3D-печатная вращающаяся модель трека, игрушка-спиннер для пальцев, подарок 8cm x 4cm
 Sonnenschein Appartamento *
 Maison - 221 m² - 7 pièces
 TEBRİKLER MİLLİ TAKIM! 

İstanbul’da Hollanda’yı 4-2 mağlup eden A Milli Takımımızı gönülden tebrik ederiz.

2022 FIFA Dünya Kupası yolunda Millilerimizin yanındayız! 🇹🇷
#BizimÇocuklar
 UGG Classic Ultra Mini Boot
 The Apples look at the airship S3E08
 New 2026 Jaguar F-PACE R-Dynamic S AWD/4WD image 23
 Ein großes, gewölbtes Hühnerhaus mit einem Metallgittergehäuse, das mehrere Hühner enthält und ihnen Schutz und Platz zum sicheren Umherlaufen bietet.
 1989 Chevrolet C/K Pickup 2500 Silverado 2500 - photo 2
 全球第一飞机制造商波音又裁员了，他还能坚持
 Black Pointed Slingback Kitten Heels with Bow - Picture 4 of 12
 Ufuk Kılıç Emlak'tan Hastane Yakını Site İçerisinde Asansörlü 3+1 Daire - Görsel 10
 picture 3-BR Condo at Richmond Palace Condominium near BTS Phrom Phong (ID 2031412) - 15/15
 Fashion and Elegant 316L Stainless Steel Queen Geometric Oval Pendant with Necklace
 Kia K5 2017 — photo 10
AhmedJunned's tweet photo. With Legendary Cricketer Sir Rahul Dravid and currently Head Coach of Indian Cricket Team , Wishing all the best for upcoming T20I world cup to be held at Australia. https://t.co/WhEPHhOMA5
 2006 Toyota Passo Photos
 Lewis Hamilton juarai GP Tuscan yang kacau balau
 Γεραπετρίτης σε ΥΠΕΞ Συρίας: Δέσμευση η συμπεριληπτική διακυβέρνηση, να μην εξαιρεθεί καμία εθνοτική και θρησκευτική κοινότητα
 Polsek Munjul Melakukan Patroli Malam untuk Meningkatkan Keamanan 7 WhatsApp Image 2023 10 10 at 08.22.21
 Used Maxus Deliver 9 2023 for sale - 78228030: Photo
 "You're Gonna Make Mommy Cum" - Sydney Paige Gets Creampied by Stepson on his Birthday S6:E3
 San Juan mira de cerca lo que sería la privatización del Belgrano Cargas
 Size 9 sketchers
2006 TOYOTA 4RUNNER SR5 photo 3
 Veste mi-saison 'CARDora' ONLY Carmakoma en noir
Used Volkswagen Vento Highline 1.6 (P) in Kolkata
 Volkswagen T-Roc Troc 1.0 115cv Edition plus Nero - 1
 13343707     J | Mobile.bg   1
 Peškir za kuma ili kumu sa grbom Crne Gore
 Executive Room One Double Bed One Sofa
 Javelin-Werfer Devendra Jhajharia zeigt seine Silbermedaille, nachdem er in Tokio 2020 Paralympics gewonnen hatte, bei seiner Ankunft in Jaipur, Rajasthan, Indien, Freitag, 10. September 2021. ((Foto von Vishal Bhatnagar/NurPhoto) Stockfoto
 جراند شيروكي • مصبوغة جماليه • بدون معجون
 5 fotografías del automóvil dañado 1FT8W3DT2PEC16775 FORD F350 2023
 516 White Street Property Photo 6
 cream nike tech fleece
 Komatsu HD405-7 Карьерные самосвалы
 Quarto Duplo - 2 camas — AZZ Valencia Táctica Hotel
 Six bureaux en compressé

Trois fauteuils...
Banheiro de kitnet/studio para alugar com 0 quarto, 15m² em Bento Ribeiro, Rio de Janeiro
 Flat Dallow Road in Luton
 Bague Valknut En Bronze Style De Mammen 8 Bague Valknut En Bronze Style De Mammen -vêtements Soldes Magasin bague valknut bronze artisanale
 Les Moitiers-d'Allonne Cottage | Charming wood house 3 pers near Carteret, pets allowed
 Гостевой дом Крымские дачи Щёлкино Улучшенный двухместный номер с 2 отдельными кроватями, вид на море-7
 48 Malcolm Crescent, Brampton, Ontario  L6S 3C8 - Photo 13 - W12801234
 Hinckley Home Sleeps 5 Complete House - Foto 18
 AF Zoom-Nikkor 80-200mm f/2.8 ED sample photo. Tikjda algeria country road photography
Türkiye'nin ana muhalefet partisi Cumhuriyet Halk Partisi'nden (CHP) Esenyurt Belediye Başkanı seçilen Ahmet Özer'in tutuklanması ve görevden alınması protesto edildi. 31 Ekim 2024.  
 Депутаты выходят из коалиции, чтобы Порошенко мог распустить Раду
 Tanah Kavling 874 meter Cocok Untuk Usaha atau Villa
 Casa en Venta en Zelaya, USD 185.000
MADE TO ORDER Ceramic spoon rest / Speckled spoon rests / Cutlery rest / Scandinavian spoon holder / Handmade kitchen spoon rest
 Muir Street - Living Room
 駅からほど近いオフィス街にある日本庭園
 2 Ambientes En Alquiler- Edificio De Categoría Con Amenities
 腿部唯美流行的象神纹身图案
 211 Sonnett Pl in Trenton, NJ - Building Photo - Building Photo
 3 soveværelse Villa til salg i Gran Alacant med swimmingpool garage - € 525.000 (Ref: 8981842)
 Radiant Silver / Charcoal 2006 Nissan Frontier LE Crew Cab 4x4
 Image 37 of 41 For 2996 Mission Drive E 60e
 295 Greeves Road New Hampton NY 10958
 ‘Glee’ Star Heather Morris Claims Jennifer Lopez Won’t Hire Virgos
○ ○ ○ ○ ○
WORK INSTRUCTIONS :: Reproduce the data verbatim, line for line.

RESULT BELOW ::
3D-печатная вращающаяся модель трека, игрушка-спиннер для пальцев, подарок 8cm x 4cm
 Sonnenschein Appartamento *
 Maison - 221 m² - 7 pièces
 TEBRİKLER MİLLİ TAKIM! 

İstanbul’da Hollanda’yı 4-2 mağlup eden A Milli Takımımızı gönülden tebrik ederiz.

2022 FIFA Dünya Kupası yolunda Millilerimizin yanındayız! 🇹🇷
#BizimÇocuklar
 UGG Classic Ultra Mini Boot
 The Apples look at the airship S3E08
 New 2026 Jaguar F-PACE R-Dynamic S AWD/4WD image 23
 Ein großes, gewölbtes Hühnerhaus mit einem Metallgittergehäuse, das mehrere Hühner enthält und ihnen Schutz und Platz zum sicheren Umherlaufen bietet.
 1989 Chevrolet C/K Pickup 2500 Silverado 2500 - photo 2
 全球第一飞机制造商波音又裁员了，他还能坚持
 Black Pointed Slingback Kitten Heels with Bow - Picture 4 of 12
 Ufuk Kılıç Emlak'tan Hastane Yakını Site İçerisinde Asansörlü 3+1 Daire - Görsel 10
 picture 3-BR Condo at Richmond Palace Condominium near BTS Phrom Phong (ID 2031412) - 15/15
 Fashion and Elegant 316L Stainless Steel Queen Geometric Oval Pendant with Necklace
 Kia K5 2017 — photo 10
AhmedJunned's tweet photo. With Legendary Cricketer Sir Rahul Dravid and currently Head Coach of Indian Cricket Team , Wishing all the best for upcoming T20I world cup to be held at Australia. https://t.co/WhEPHhOMA5
 2006 Toyota Passo Photos
 Lewis Hamilton juarai GP Tuscan yang kacau balau
 Γεραπετρίτης σε ΥΠΕΞ Συρίας: Δέσμευση η συμπεριληπτική διακυβέρνηση, να μην εξαιρεθεί καμία εθνοτική και θρησκευτική κοινότητα
 Polsek Munjul Melakukan Patroli Malam untuk Meningkatkan Keamanan 7 WhatsApp Image 2023 10 10 at 08.22.21
 Used Maxus Deliver 9 2023 for sale - 78228030: Photo
 "You're Gonna Make Mommy Cum" - Sydney Paige Gets Creampied by Stepson on his Birthday S6:E3
 San Juan mira de cerca lo que sería la privatización del Belgrano Cargas
 Size 9 sketchers
2006 TOYOTA 4RUNNER SR5 photo 3
 Veste mi-saison 'CARDora' ONLY Carmakoma en noir
Used Volkswagen Vento Highline 1.6 (P) in Kolkata
 Volkswagen T-Roc Troc 1.0 115cv Edition plus Nero - 1
 13343707     J | Mobile.bg   1
 Peškir za kuma ili kumu sa grbom Crne Gore
 Executive Room One Double Bed One Sofa
 Javelin-Werfer Devendra Jhajharia zeigt seine Silbermedaille, nachdem er in Tokio 2020 Paralympics gewonnen hatte, bei seiner Ankunft in Jaipur, Rajasthan, Indien, Freitag, 10. September 2021. ((Foto von Vishal Bhatnagar/NurPhoto) Stockfoto
 جراند شيروكي • مصبوغة جماليه • بدون معجون
 5 fotografías del automóvil dañado 1FT8W3DT2PEC16775 FORD F350 2023
 516 White Street Property Photo 6
 cream nike tech fleece
 Komatsu HD405-7 Карьерные самосвалы
 Quarto Duplo - 2 camas — AZZ Valencia Táctica Hotel
 Six bureaux en compressé

Trois fauteuils...
Banheiro de kitnet/studio para alugar com 0 quarto, 15m² em Bento Ribeiro, Rio de Janeiro
 Flat Dallow Road in Luton
 Bague Valknut En Bronze Style De Mammen 8 Bague Valknut En Bronze Style De Mammen -vêtements Soldes Magasin bague valknut bronze artisanale
 Les Moitiers-d'Allonne Cottage | Charming wood house 3 pers near Carteret, pets allowed
 Гостевой дом Крымские дачи Щёлкино Улучшенный двухместный номер с 2 отдельными кроватями, вид на море-7
 48 Malcolm Crescent, Brampton, Ontario  L6S 3C8 - Photo 13 - W12801234
 Hinckley Home Sleeps 5 Complete House - Foto 18
 AF Zoom-Nikkor 80-200mm f/2.8 ED sample photo. Tikjda algeria country road photography
Türkiye'nin ana muhalefet partisi Cumhuriyet Halk Partisi'nden (CHP) Esenyurt Belediye Başkanı seçilen Ahmet Özer'in tutuklanması ve görevden alınması protesto edildi. 31 Ekim 2024.  
 Депутаты выходят из коалиции, чтобы Порошенко мог распустить Раду
 Tanah Kavling 874 meter Cocok Untuk Usaha atau Villa
 Casa en Venta en Zelaya, USD 185.000
MADE TO ORDER Ceramic spoon rest / Speckled spoon rests / Cutlery rest / Scandinavian spoon holder / Handmade kitchen spoon rest
 Muir Street - Living Room
 駅からほど近いオフィス街にある日本庭園
 2 Ambientes En Alquiler- Edificio De Categoría Con Amenities
 腿部唯美流行的象神纹身图案
 211 Sonnett Pl in Trenton, NJ - Building Photo - Building Photo
 3 soveværelse Villa til salg i Gran Alacant med swimmingpool garage - € 525.000 (Ref: 8981842)
 Radiant Silver / Charcoal 2006 Nissan Frontier LE Crew Cab 4x4
 Image 37 of 41 For 2996 Mission Drive E 60e
 295 Greeves Road New Hampton NY 10958
 ‘Glee’ Star Heather Morris Claims Jennifer Lopez Won’t Hire Virgos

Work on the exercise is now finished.